Exercise prompt: Everything from the line with "Hello friends, welcome" to the final line of the entries, both included, should be restated word for word; please omit the pictures.

Task inputs:
--------------------------------
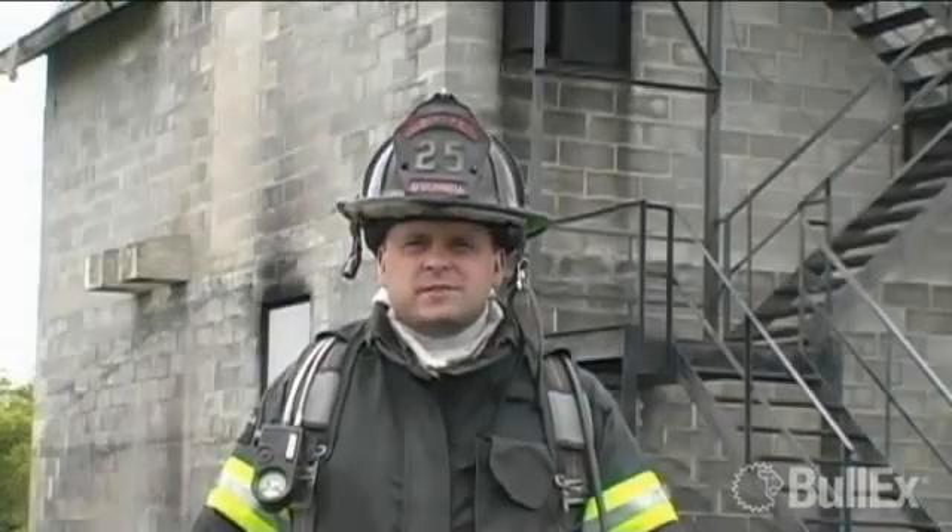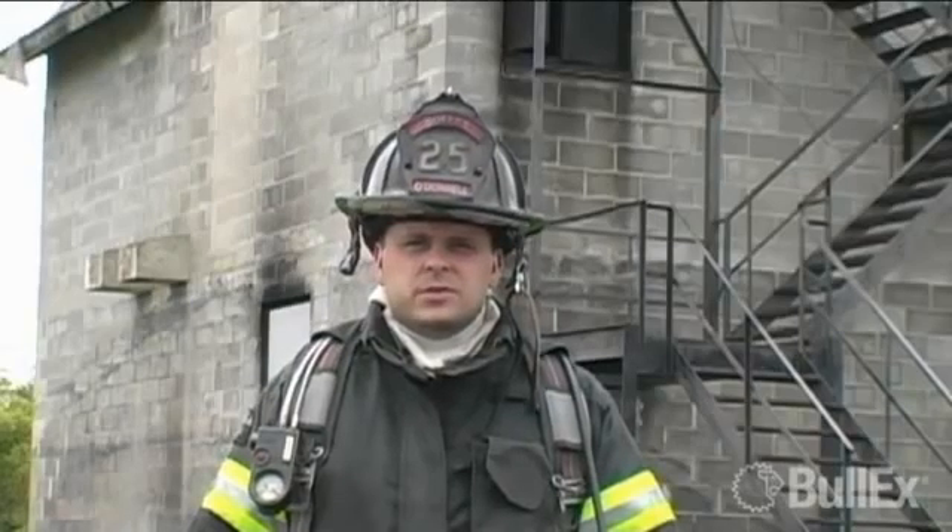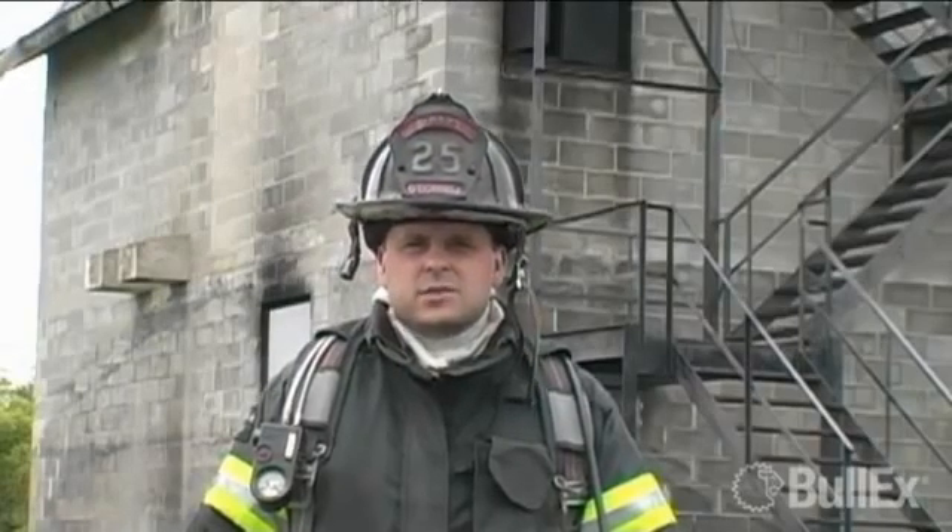Hi, I'm Ryan O'Donnell. I'm the president of Bull-X and we're here to introduce the Bull-X ATTACK Digital Fire Training System.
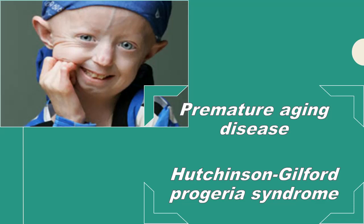Hello friends, welcome to my channel for medicos. Today I am here with information on a rare, interesting disease: Hutchinson-Guilford progeria syndrome, or simply known as progeria.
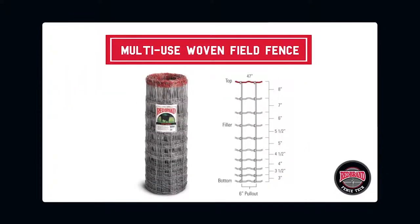Multi-use woven field fence is a woven fence type with graduated spaces, making it ideal for large herd animals. Field fence is the most common style of wire mesh fence used for animal confinement.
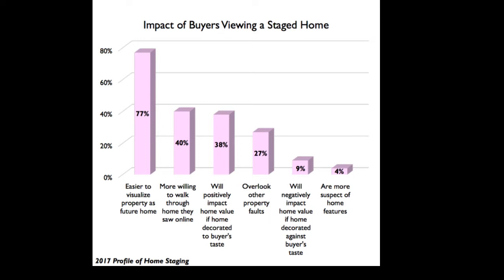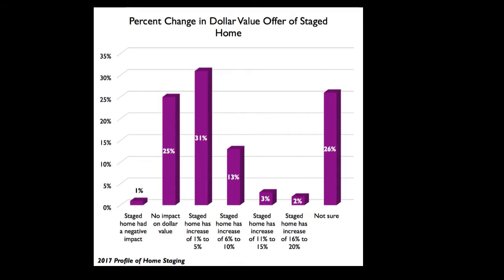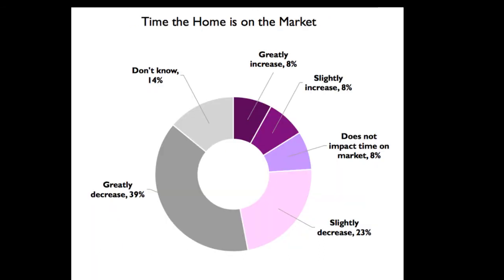Let's take a look at some of the stats. Buyers can more visually see themselves in a house that's staged. They're 40% more willing to go see a house in person after seeing a staged house online — which is huge. The rooms that matter most are the living room, kitchen, and master bedroom; those are really the rooms that sell houses typically. And there's a real dollar impact when a house is staged — it helps prices go up, and it always takes less time on the market. I swear, when the house is staged, it just does.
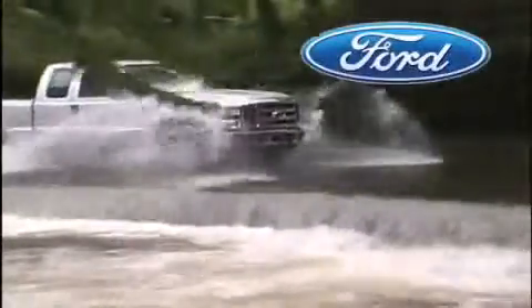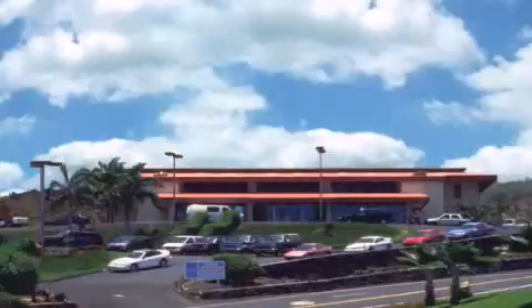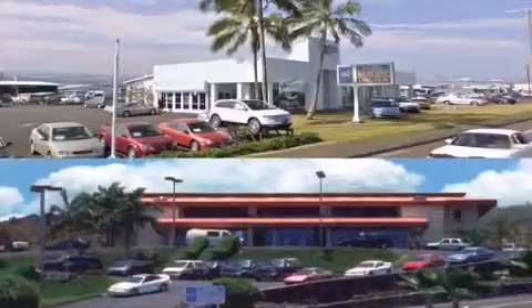Orchidile Ford is dedicated to making your shopping experience as pleasurable as possible. We have two stores to serve you: in Kona at the corner of Kua Kini Highway and Laco Street, and in Hilo on Kanoilehua Avenue across from Walmart. Orchidile Ford — come visit us for a test drive.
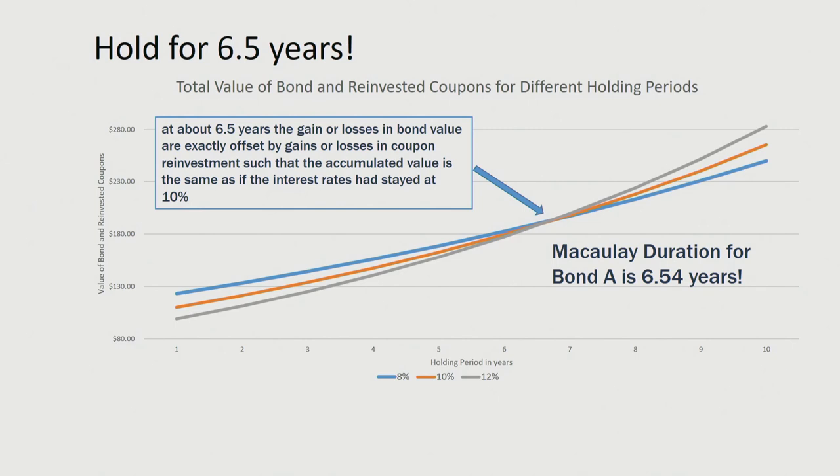However, we have a liability in years 10 and years 6.5. So in one sense, if we look at the Macaulay duration — in this case at 6.5 years — if we wanted to minimize our reinvestment rate risk for bond A, we just hold it for 6.54 years.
--------------------------------
Output of the task:
Hello friends, welcome to my channel for medicos. Today I am here with information on a rare, interesting disease: Hutchinson-Guilford progeria syndrome, or simply known as progeria.
Multi-use woven field fence is a woven fence type with graduated spaces, making it ideal for large herd animals. Field fence is the most common style of wire mesh fence used for animal confinement.
Let's take a look at some of the stats. Buyers can more visually see themselves in a house that's staged. They're 40% more willing to go see a house in person after seeing a staged house online — which is huge. The rooms that matter most are the living room, kitchen, and master bedroom; those are really the rooms that sell houses typically. And there's a real dollar impact when a house is staged — it helps prices go up, and it always takes less time on the market. I swear, when the house is staged, it just does.
Orchidile Ford is dedicated to making your shopping experience as pleasurable as possible. We have two stores to serve you: in Kona at the corner of Kua Kini Highway and Laco Street, and in Hilo on Kanoilehua Avenue across from Walmart. Orchidile Ford — come visit us for a test drive.
However, we have a liability in years 10 and years 6.5. So in one sense, if we look at the Macaulay duration — in this case at 6.5 years — if we wanted to minimize our reinvestment rate risk for bond A, we just hold it for 6.54 years.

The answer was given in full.